5. (a) Discuss the salient
features of New Industrial Policy of India, 1991. 14
Ans: New Industrial Policy, 1991: In order
to solve economic problems of our country, the government took several steps
including control by the State of certain industries, central planning and
reduced importance of the private sector. The main objectives of India’s
development plans were:
a) Initiate
rapid economic growth to raise the standard of living, reduce unemployment and
poverty;
b) Become
self-reliant and set up a strong industrial base with emphasis on heavy and
basic industries;
c) Reduce
inequalities of income and wealth;
d) Adopt a
socialist pattern of development based on equality and prevent exploitation of
man by man.
e) As a part
of economic reforms, the Government of India announced a new industrial policy
in July 1991. The broad features of this policy were as follows:
f) The
Government reduced the number of industries under compulsory licensing to six.
g) Policy
towards foreign capital was liberalized. The share of foreign equity
participation was increased to 51% and in many activities 100 per cent Foreign
Direct Investment (FDI) was permitted.
h) Government
will encourage foreign trading companies to assist Indian exporters in export
activities.
i)
Foreign Investment Promotion Board (FIPB) was
set up to promote and channelise foreign investment in India.
j)
Automatic permission was now granted for
technology agreements with foreign companies.
k) Relaxation
of MRTP Act (Monopolies and Restrictive Practices Act) which has almost been
rendered non-functional.
l)
Dilution of foreign exchange regulation act
(FERA) making rupee fully convertible on trade account.
m) Disinvestment
was carried out in case of many public sector industrial enterprises incurring
heavy losses.
n) Abolition
of wealth tax on shares.
o) General
reduction in customs duties.
p) Provide
strength to those public sector enterprises which fall in reserved areas of operation
or in high priority areas.
q) Constitution
of special boards to negotiate with foreign firms for large investments in the
development of industries and import of technology.
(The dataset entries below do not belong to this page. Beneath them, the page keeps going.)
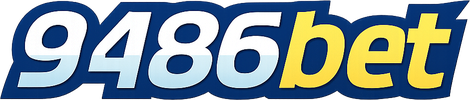 9486bet লোগো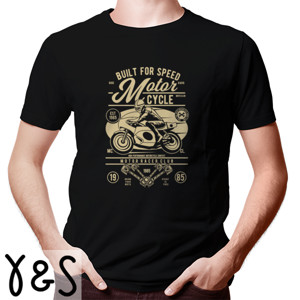 Kaos Built for speed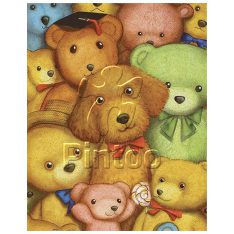 SMART : Dog 01 | Pintoo puzzles 500 pieces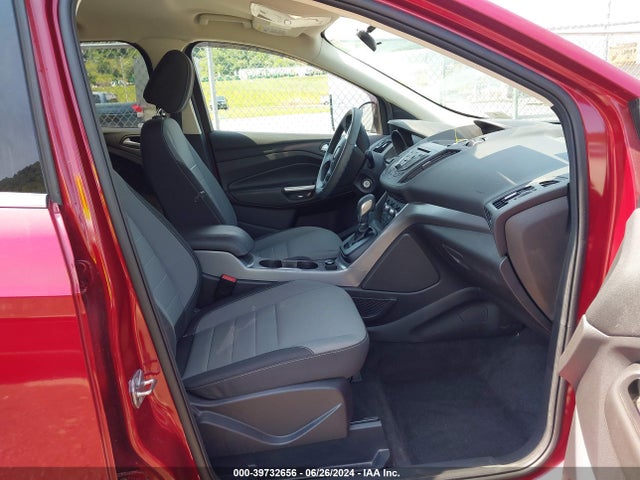 Ford ESCAPE SE 2015 1FMCU9GX1FUC22794 Image 5
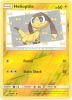 Pokemon Card - S&M: Team Up 49/181 - HELIOPTILE (reverse holo) (Mint)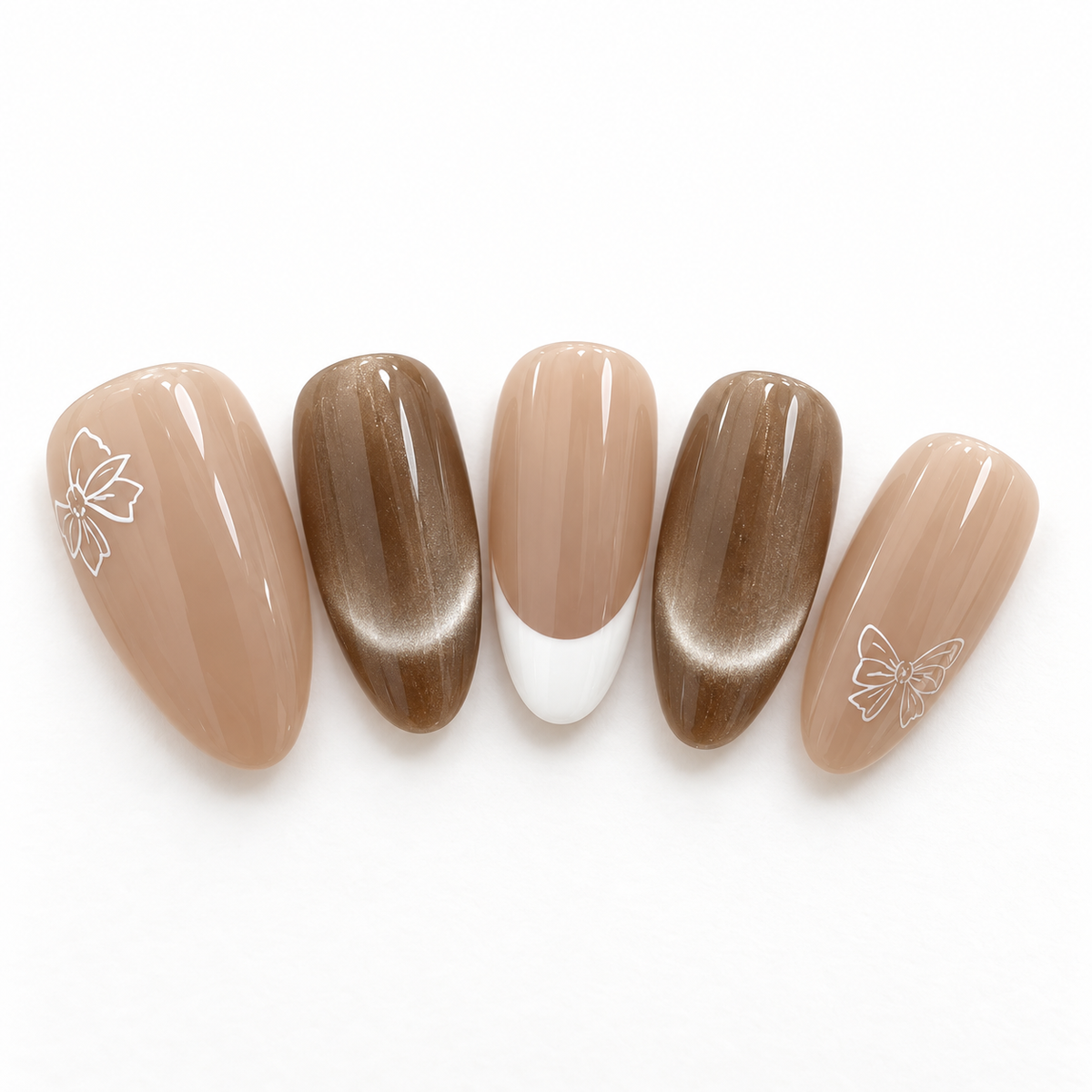 Toffee Mirage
Impact of Government Policy Changes
(New Industrial Policy, 1991) on Business and Industry
a) Increasing
competition: As a result of changes in the rules of industrial licensing and
entry of foreign firms, competition for Indian firms has increased especially
in service industries like telecommunications, airlines, banking, insurance,
etc. which were earlier in the public sector.
b) More
demanding customers: Customers today have become more demanding because they
are well-informed. Increased competition in the market gives the customers
wider choice in purchasing better quality of goods and services.
c) Rapidly
changing technological environment: Increased competition forces the firms to
develop new ways to survive and grow in the market. New technologies make it
possible to improve machines, process, products and services. The rapidly changing
technological environment creates tough challenges before smaller firms.
d) Necessity
for change: In a regulated environment of pre-1991 era, the firms could have
relatively stable policies and practices. After 1991, the market forces have
become turbulent as a result of which the enterprises have to continuously
modify their operations.
e) Threat
from MNC Massive entry of multi
nationals in Indian marker constitutes new challenge. The Indian subsidiaries
of multi-nationals gained strategic advantage. Many of these companies could
get limited support in technology from their foreign partners due to restrictions
in ownerships. Once these restrictions have been limited to reasonable levels,
there is increased technology transfer from the foreign partners
Or
(b) Explain the EXIM Policy of
India. 14
Ans: Export – Import Policy or Foreign Trade Policy
No country is self-sufficient
in the world today. Therefore, every country has to import goods and to
pay for imports it has to export goods to other countries. The ideal
situation would be if every country specialized in the production of those
goods in which it has a comparative cost advantage. But in addition to
comparative cost several other factors including political considerations have
played an important part in determining the pattern of imports and exports. To
protect domestic industries, many countries in the past had imposed heavy
tariffs to restrict imports.
India's
Foreign Trade Policy also known as Export Import Policy (EXIM) in general, aims
at developing export potential, improving export performance, encouraging
foreign trade and creating favorable balance of payments position. Foreign
Trade Policy is prepared and announced by the Central Government (Ministry of
Commerce). Foreign Trade Policy or EXIM Policy is a set of guidelines and
instructions established by the DGFT (Directorate General of Foreign Trade) in
matters related to the import and export of goods in India.
The
foreign trade policy, has offered more incentives to exporters to help them
tide over the effects of a likely demand slump in their major markets such as
the US and Europe. Foreign trade
is exchange of capital, goods, and services across international borders or
territories. In most countries, it represents a significant share of gross
domestic product (GDP). While international trade has been present throughout
much of history, its economic, social, and political importance has been on the
rise in recent centuries.
EXIM Policy Governing Body
EXIM Policy or Foreign
Trade Policy is a set of guidelines and instructions
established by the Directorate
General of Foreign Trade in matters related to the import and export of
goods in India. The Foreign Trade Policy of India is guided by the Export Import
in known as in short EXIM Policy of the Indian Government and
is regulated by the Foreign
Trade Development and Regulation Act, 1992.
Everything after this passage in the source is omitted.